**ACTIVITY:** Transcribe exactly the stretch of lines beginning at the one containing "Tattoo Boy 桌布" and closing with the last line of the entries below. Omit images.

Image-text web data
——

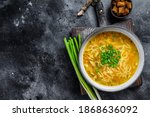 Fresh homemade chicken soup with noodle at table. Black background. Top view. Copy space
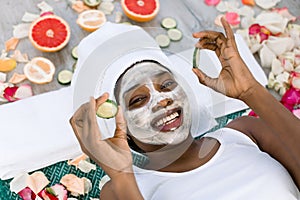 Beauty treatment. Top view of beautiful young African woman lying with pieces of cucumber on her face in spa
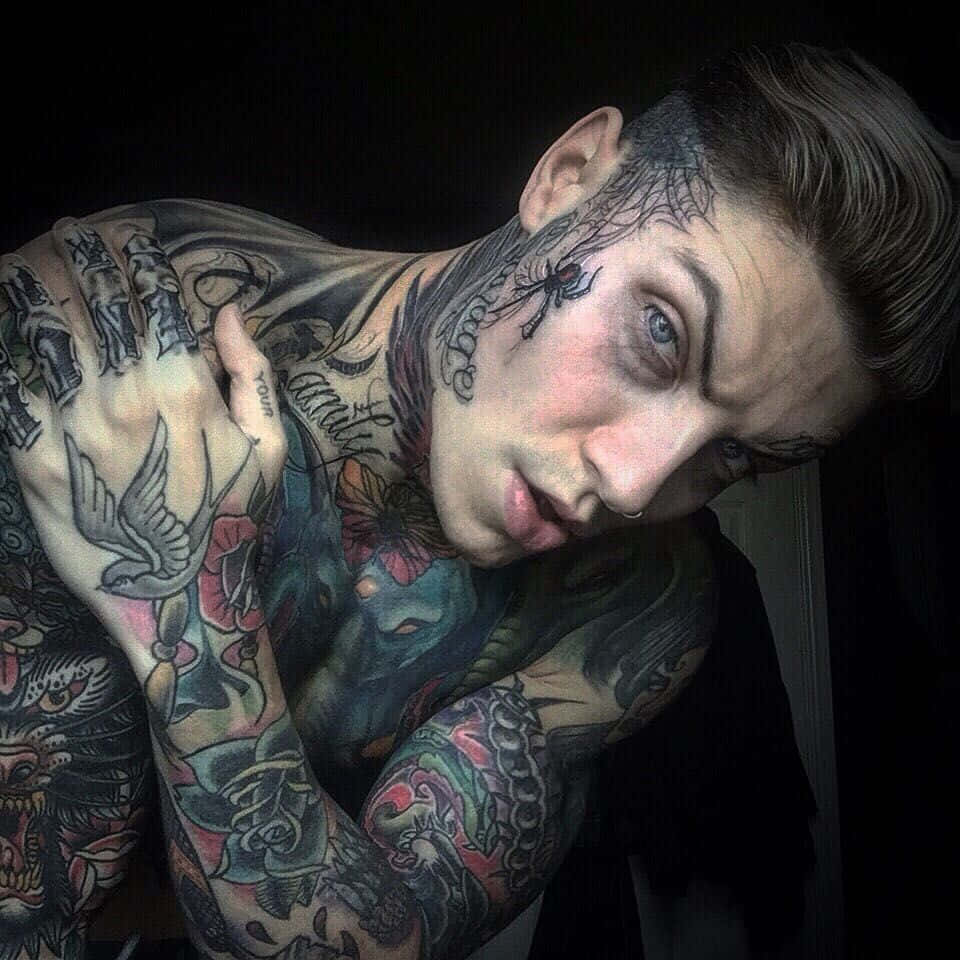 Tattoo Boy 桌布 壁紙 — 一個紋身濃密的男人，擁有引人注目的藍色眼睛，在黑暗背景下凝視著。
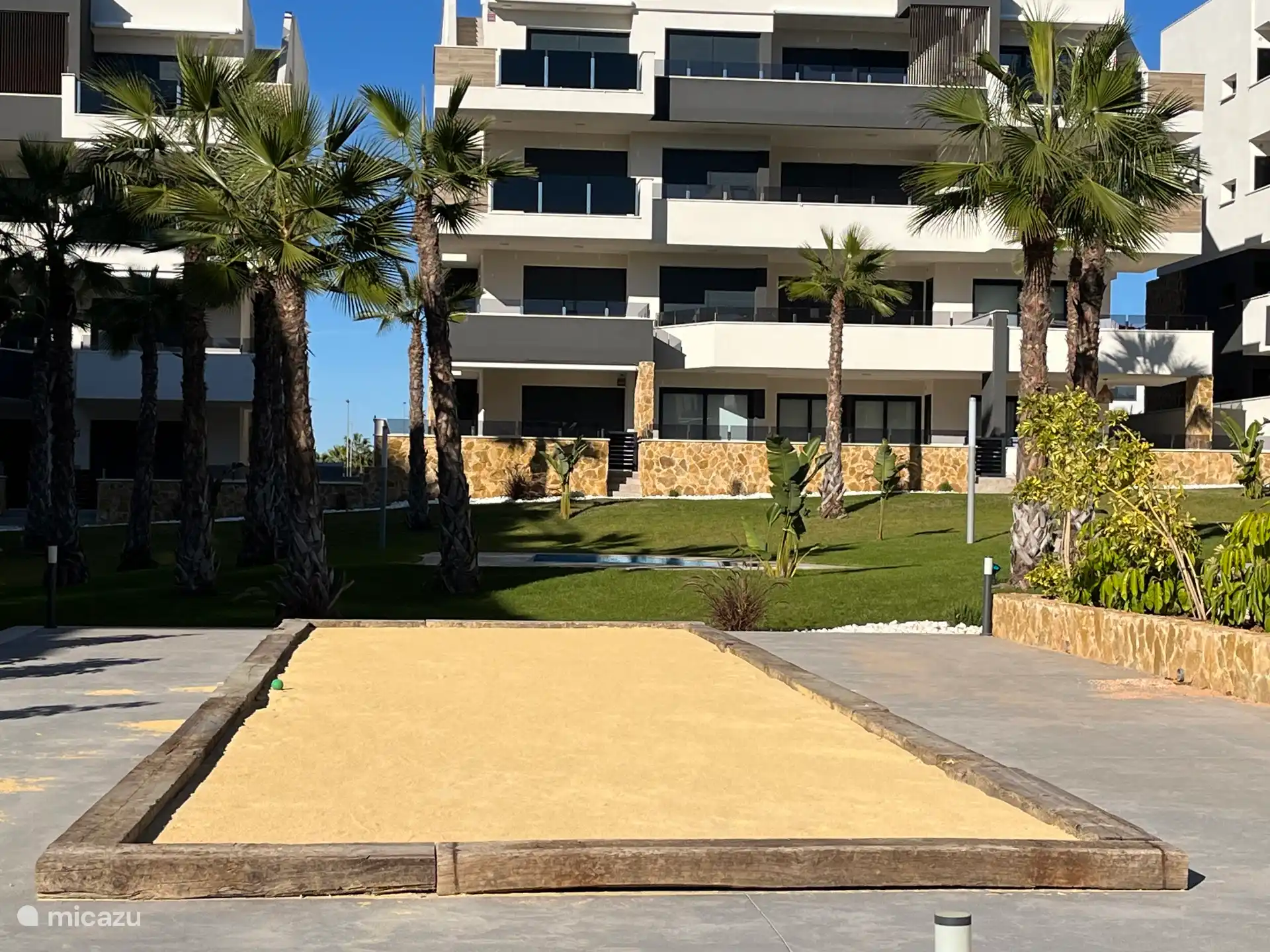 Disfruta jugando juntos en la pista de Jeu-de-boules en el jardín común.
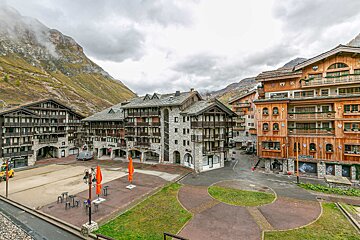 Alpine village square featuring traditional stone and wooden chalets under a cloudy sky with mountain backdrops.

——

**FINISHED TASK:**
 Tattoo Boy 桌布 壁紙 — 一個紋身濃密的男人，擁有引人注目的藍色眼睛，在黑暗背景下凝視著。
 Disfruta jugando juntos en la pista de Jeu-de-boules en el jardín común.
 Alpine village square featuring traditional stone and wooden chalets under a cloudy sky with mountain backdrops.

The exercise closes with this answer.